### PROBLEM STATEMENT
The material below holds the lines to copy: from the one with "Gold Plated White Pearl Necklace Set" up to and including the one with "Портативные футбольные ворота". Copy them exactly and skip the pictures.

### INPUT RECORDS

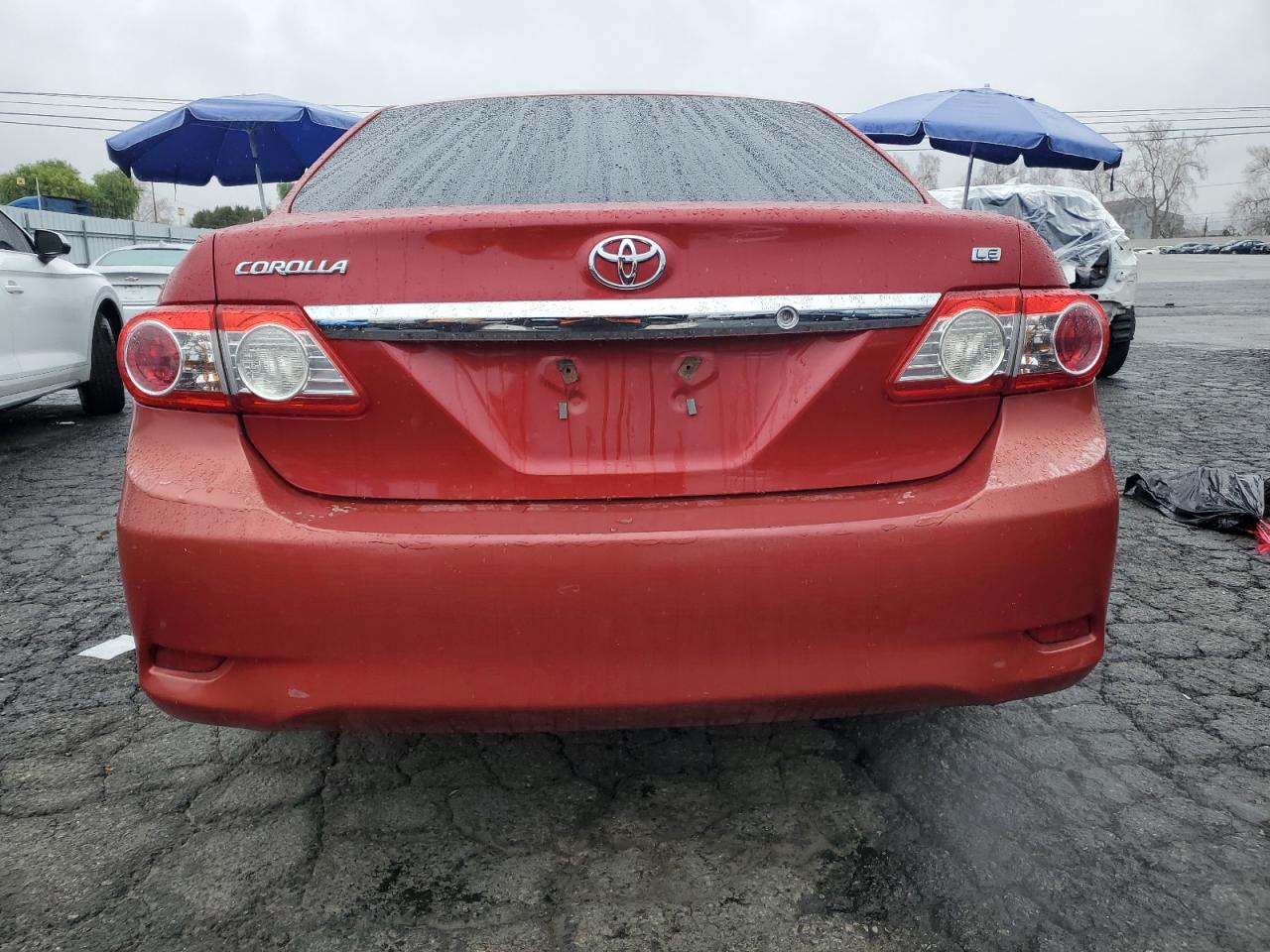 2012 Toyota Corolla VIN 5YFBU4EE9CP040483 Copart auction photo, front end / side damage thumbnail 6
--
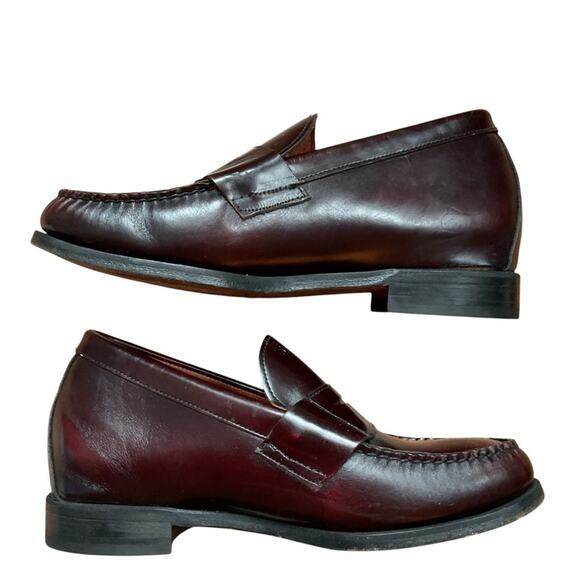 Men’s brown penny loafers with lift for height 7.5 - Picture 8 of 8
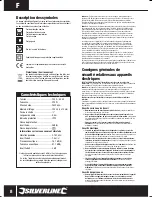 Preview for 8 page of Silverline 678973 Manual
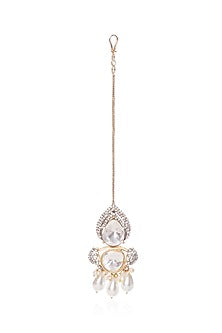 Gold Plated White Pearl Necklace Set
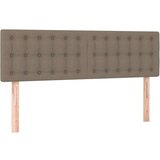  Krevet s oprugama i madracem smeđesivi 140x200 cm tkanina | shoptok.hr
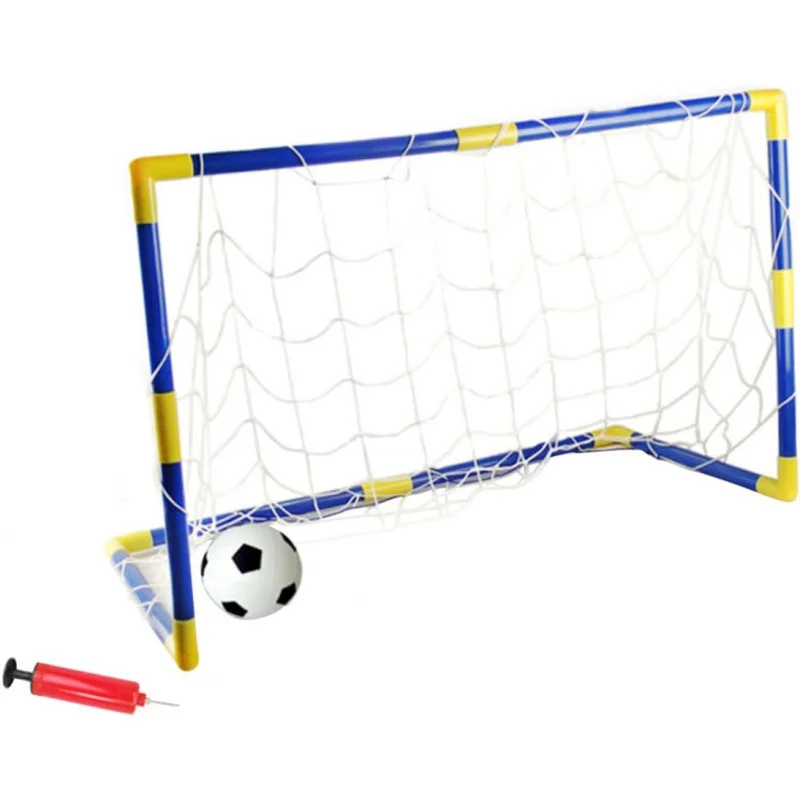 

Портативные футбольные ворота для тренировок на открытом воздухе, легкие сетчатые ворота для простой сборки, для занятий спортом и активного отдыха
--
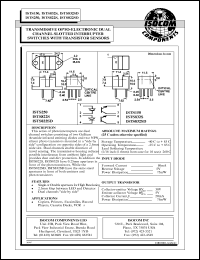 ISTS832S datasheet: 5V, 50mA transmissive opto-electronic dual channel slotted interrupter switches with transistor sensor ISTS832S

### TASK RESPONSE
 Gold Plated White Pearl Necklace Set
  Krevet s oprugama i madracem smeđesivi 140x200 cm tkanina | shoptok.hr

Портативные футбольные ворота для тренировок на открытом воздухе, легкие сетчатые ворота для простой сборки, для занятий спортом и активного отдыха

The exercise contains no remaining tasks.